Sociology tries to clarify and relate events by abstraction from material contradictions. How this is done in positivism needs examining [not only are contradictions suppressed, but abstraction avoids the issue of essences].
'... in industrial market societies by no means everything... can be simply deduced from its principle [official ideologies like liberal freedom]. Such societies contain within themselves countless non-capitalist enclaves... At issue here is whether in order to perpetuate itself [capitalist society] needs such enclaves. Their specific irrationality complements as it were that of the structure as a whole. Social totality does not lead a life of its own over and above that which it unites and of which it is in its turn composed' (107) . The concept of society is needed, but the issue is a relation of parts to wholes. This is ignored in pleas for middle-range theories [this is Adorno 's term for the focus on specific issues and disputes advocated by Popper. It is a deliberate reference to the work of Merton, maybe as a kind of insult?]
'One would fetishise science if one radically separated the immanent problems from the real ones which are weakly reflected in its formalisms' (109). Social reality is contradictory and adequate 'knowledge is guaranteed by the possibility of grasping the contradiction as necessary and thus extending rationality to it' (109).

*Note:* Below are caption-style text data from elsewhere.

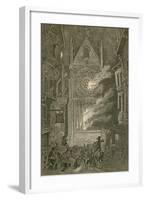 The Burning of Saint Paul's-John Franklin-Framed Giclee Print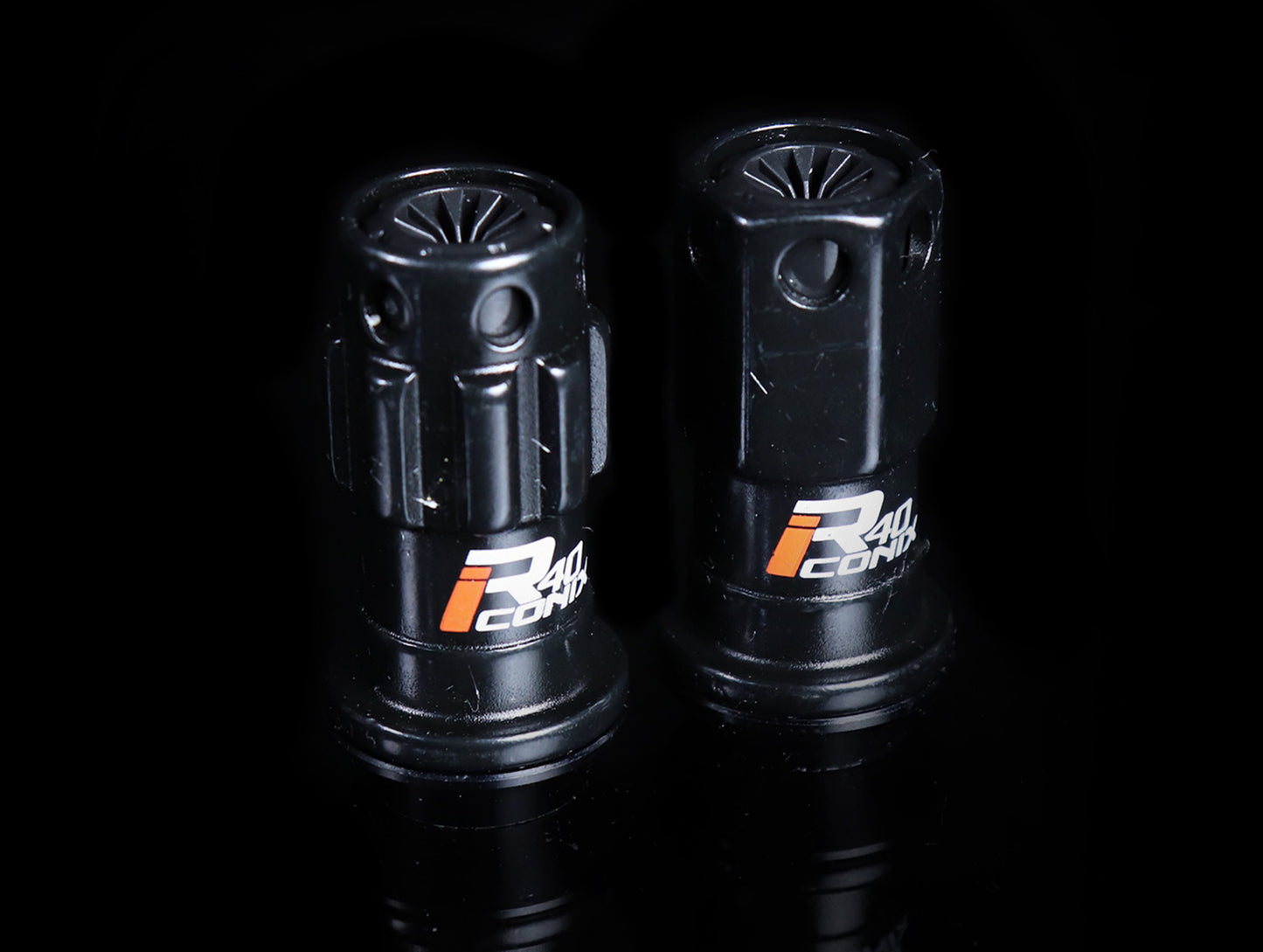 Project Kics R40 Iconix Extended Lug Nuts With Locks - Black M12x1.50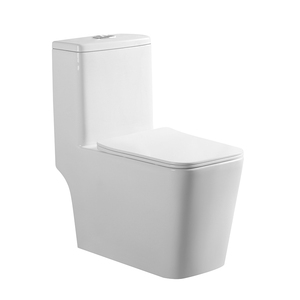 Luxury Toilets Ceramics <strong>White</strong> Wc One Piece Sanitary Ware Toilet Set Seat Bowl for Hotel <strong>Bathroom</strong> - Product Image 5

Popper does seem to recognise that research is done in institutions for career purposes [but, presumably, does not follow the implications through -- that these institutions also take part in capitalist social relations etc] (110).
'By no means the last of the necessary tasks of epistemology... would be to reflect on the actual process of cognition instead of [imposing a model or a methodology]' (111).
Criticism also presupposes a solution or implies it, so sociology can never just be self-critical but must criticise society in order to be adequate to its object (114).
Popper's limited ventures into the sociology of knowledge [the bits on 'anthropology', and the bits about the role of illusion] are uncritical. There is no attempt to see ideology as socially necessary illusion. This implies a relativism. Popper abandons the attempt to distinguish between true and false consciousness and therefore abandons objectivity itself [which should include a discussion of how truth can become distorted].
'The insight into society as a totality... [means]... that all the moments active in this totality... [are not]... reducible one to another, but must be incorporated in knowledge; it cannot permit itself to be terrorised by the academic division of labour' (120). The role of the social and experience needs to be prioritised, as Durkheim said when defining social facts as constant and so on.